We can further optimized this by rendering the stats asynchronously on demand whenever this button is clicked, we can do this via js, so we will no longer need to directly pass the attachments_number data directly to the view when pages are loaded.

P.S: the fix for the bulk optimization & media library page is done properly will directly affect the payment modal part, removing the need for caching there.

Estimate the effort ✅

M - L

jeawhanlee avatar Dec 04 '24 17:12 jeawhanlee

Thank you @jeawhanlee for the grooming. I am not a huge fan of holding counts at each add/delete of images: it can be hard to cover all cases and once the count is wrong, it's hard to go back, etc.

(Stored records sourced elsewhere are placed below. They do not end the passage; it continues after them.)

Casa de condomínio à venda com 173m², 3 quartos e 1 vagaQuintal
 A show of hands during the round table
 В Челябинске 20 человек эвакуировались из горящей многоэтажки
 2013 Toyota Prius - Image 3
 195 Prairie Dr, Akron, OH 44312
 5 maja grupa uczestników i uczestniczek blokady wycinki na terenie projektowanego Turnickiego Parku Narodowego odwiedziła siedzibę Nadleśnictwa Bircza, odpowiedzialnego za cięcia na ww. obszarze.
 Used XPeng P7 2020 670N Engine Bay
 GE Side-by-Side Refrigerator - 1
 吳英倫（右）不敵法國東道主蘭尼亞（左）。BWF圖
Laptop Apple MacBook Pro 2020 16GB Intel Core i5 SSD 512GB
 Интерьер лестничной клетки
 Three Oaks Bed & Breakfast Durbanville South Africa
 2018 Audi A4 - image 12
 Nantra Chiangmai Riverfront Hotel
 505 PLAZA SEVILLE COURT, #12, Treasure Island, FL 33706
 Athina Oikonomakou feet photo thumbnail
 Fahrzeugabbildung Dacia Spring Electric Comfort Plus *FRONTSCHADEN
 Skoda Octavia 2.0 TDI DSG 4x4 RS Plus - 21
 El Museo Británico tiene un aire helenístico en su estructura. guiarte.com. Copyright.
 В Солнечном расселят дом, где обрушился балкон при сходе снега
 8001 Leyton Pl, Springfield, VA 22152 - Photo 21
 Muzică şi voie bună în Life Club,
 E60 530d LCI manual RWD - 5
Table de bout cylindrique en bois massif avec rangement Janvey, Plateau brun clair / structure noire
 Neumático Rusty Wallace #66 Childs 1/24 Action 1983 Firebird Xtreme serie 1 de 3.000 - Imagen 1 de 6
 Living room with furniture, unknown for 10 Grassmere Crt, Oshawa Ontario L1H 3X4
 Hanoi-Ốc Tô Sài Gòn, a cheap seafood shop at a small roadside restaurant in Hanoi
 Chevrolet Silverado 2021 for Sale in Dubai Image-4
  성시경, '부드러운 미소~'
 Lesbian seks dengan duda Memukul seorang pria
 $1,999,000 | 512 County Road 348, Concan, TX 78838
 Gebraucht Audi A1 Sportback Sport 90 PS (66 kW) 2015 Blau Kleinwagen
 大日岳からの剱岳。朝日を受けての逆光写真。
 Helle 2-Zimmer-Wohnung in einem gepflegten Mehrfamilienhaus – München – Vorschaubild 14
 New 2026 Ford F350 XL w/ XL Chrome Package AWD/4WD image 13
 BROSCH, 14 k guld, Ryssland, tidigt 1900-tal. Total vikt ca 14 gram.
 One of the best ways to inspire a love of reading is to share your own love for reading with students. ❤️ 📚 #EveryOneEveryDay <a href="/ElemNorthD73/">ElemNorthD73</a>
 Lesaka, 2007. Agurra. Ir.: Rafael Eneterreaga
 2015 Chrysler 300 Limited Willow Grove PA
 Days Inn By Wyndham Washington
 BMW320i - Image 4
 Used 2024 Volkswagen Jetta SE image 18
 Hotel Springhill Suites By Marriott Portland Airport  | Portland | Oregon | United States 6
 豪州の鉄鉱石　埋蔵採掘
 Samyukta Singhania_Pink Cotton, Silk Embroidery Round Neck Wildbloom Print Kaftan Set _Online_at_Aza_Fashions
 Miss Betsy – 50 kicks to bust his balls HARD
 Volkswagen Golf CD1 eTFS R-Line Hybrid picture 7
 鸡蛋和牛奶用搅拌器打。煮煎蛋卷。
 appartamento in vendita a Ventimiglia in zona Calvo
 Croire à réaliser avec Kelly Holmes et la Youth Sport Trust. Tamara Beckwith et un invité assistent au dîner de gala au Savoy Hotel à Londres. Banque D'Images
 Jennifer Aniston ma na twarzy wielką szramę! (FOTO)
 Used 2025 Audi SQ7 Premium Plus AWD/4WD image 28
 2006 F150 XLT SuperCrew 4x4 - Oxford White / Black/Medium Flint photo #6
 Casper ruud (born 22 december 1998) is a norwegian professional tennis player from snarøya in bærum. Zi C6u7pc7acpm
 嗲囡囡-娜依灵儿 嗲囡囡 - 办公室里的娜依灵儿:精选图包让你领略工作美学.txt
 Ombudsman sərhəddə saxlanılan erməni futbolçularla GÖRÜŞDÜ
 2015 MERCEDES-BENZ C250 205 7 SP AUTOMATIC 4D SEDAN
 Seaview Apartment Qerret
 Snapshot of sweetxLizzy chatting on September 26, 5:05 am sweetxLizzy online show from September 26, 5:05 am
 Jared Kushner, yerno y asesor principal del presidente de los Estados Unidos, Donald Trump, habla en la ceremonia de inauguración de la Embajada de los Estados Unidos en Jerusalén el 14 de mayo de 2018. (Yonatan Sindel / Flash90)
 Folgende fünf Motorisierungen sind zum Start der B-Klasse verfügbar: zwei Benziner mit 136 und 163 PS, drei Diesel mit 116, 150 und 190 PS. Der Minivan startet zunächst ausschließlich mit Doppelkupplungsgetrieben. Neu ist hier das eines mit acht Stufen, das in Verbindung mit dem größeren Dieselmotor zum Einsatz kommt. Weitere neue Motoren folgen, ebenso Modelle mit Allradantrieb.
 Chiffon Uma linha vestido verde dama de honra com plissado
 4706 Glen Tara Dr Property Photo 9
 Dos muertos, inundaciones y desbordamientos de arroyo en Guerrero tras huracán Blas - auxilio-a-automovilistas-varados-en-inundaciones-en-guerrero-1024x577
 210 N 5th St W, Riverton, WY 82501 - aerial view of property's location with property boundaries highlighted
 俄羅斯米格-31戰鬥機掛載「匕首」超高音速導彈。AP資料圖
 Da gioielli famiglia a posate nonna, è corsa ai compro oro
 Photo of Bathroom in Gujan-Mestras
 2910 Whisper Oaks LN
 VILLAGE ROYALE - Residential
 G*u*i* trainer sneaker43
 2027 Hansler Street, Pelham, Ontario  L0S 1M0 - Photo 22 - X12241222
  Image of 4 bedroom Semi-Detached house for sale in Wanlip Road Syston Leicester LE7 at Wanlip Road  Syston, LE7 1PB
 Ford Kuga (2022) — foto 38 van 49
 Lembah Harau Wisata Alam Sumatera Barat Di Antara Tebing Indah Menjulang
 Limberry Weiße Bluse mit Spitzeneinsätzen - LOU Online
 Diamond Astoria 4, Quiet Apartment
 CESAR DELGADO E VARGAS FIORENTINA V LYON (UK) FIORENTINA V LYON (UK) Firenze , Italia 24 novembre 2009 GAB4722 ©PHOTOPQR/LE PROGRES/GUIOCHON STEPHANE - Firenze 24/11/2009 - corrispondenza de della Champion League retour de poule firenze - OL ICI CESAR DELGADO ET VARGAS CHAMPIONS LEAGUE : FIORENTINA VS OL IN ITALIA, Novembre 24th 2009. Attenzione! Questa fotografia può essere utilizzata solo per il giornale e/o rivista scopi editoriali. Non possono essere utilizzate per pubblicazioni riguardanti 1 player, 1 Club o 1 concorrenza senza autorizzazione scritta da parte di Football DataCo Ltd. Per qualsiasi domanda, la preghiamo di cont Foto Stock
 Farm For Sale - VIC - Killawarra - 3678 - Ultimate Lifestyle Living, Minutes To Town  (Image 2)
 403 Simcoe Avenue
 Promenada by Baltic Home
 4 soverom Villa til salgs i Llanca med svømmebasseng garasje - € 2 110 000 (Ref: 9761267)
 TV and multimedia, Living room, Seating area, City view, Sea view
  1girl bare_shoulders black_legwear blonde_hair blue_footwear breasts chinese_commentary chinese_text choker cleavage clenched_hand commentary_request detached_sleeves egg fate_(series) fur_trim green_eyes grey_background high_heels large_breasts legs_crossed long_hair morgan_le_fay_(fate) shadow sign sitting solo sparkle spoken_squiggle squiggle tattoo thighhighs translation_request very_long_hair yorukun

I'd rather have a solution where we can update the value from scratch, from time to time.

The background process with AS sounds like a good long-term idea to me. The fix on the Payment modal with "on demand" is also a good short-term solution, but it won't cover the bulk optim. & media library screens ; and it won't be needed if we use a background process with AS.

@remyperona do you have an opinion on this?

@jeawhanlee @remyperona Could you provide:

  1. an estimate for implementing the background task with AS + using the result in the impacted pages?
  2. an estimate for implementign the "on demand" call for the Payment modal?

I would say that, if the background task approach is manageable in 2/3 days, let's do this. Otherwise, if the "on demand" is very quick and the background task way too long, we could fallback to the "on demand" in the very short term...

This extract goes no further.